The evidence was simply horrible to hear. Stalkers breaking into homes, intercepting mail, dogging the steps of their targets, bombarding them with e-mail, making escalating threats of murder and suicide, and employing actual violence.
The accounts from two stalking victims and from the parents of two women who had been murdered by their stalkers were dignified but harrowing, as they set out how difficult it was, in each case, to get the courts and the police to take the threat seriously - and how the stalker's rights always seemed to trump those of the stalked.
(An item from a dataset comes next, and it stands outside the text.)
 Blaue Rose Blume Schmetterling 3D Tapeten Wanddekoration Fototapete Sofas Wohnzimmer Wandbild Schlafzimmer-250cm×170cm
There was an interesting aside from Laura Richards, the criminal psychologist advising the group - she had talked to several parliamentarians about the issue and discovered several had had unpleasant experiences with stalkers.
Last Friday on BBC Radio 4's Today in Parliament, there was a short report on the evidence session held by the group last week. The all party Stalking group's Chair, Plaid Cymru's Elfyn Llywd, was tactful and sympathetic as the appalling tales piled one upon the other.
He has already extracted a pledge from David Cameron at Prime Minister's Questions to meet them when their proposals are complete and give them a sympathetic hearing.
If I've ever heard a hole in the law exposed in evidence in Parliament, this was it.